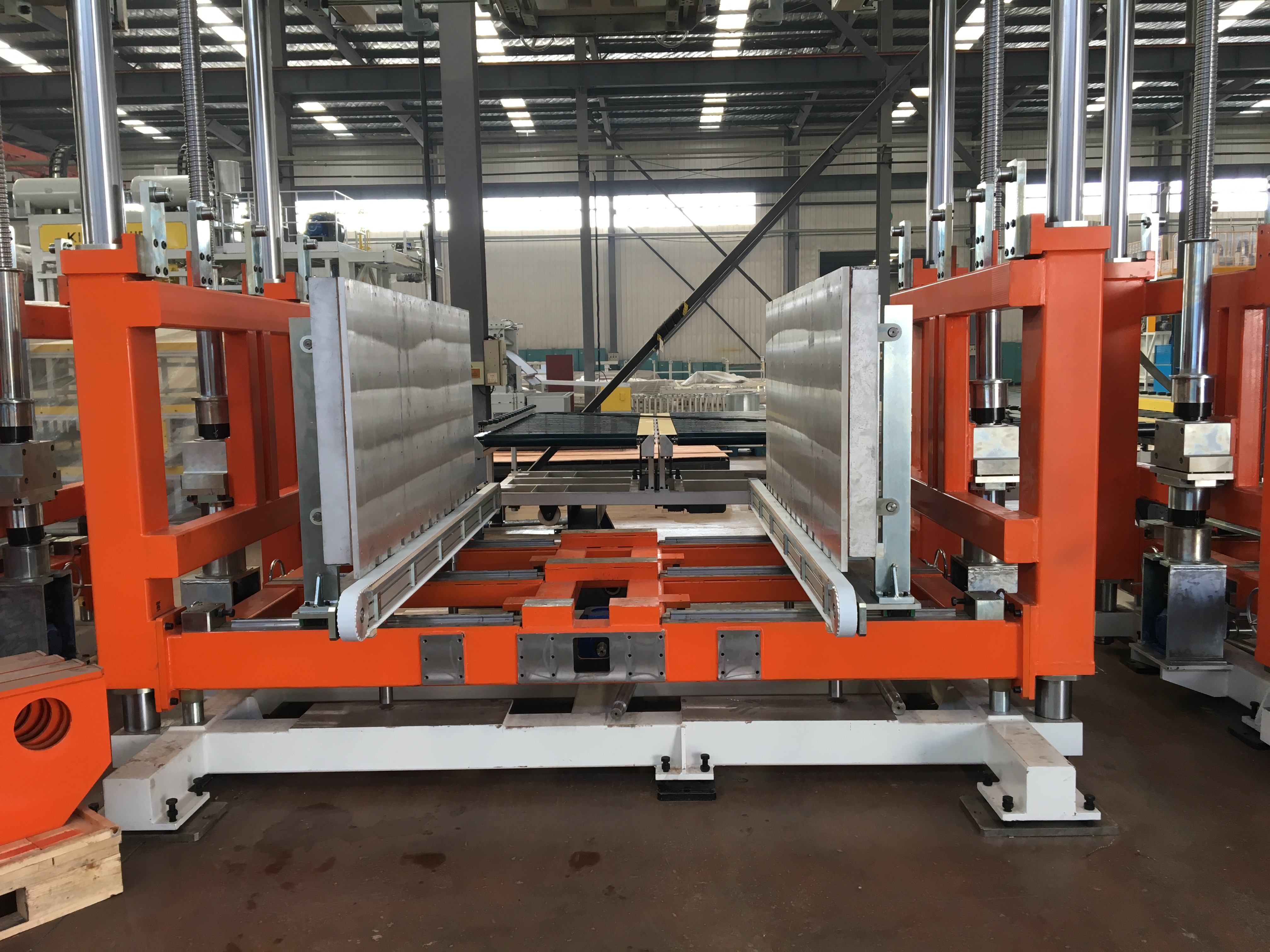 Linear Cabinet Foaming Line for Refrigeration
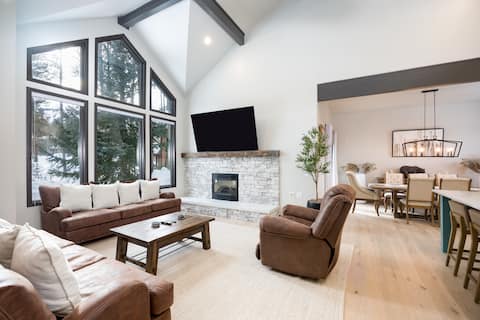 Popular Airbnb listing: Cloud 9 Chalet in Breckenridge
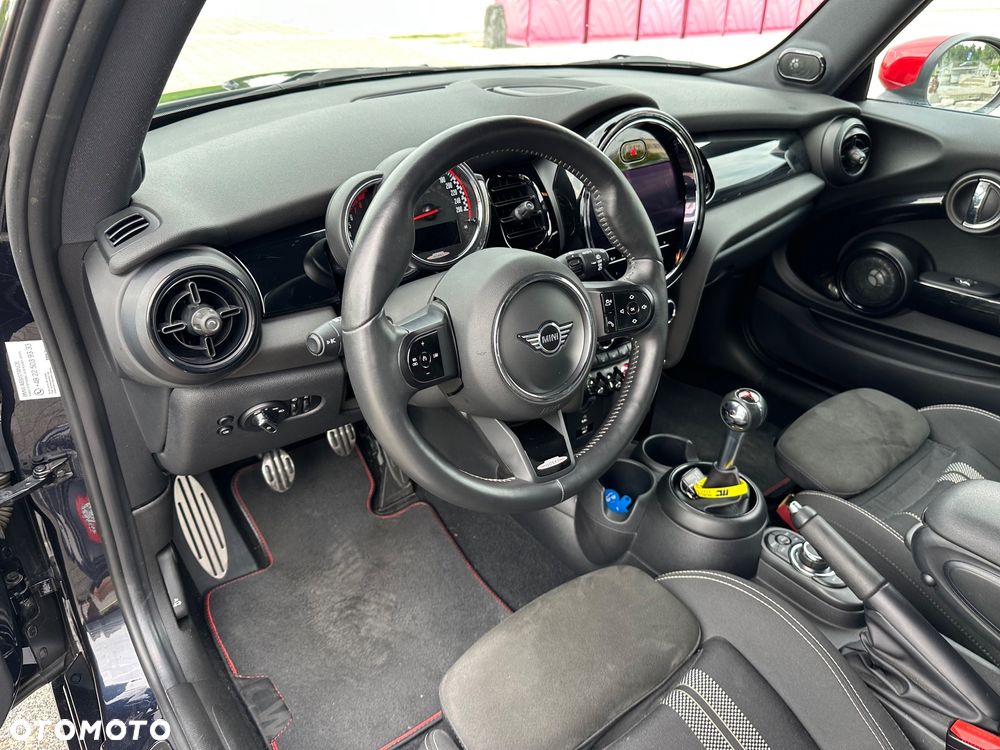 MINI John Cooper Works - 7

+ + + +

§ **Goal of the exercise**
Would you please retype all the data exactly? Leave out whatever pictures it holds.

§ **Response**
 Linear Cabinet Foaming Line for Refrigeration
 Popular Airbnb listing: Cloud 9 Chalet in Breckenridge
 MINI John Cooper Works - 7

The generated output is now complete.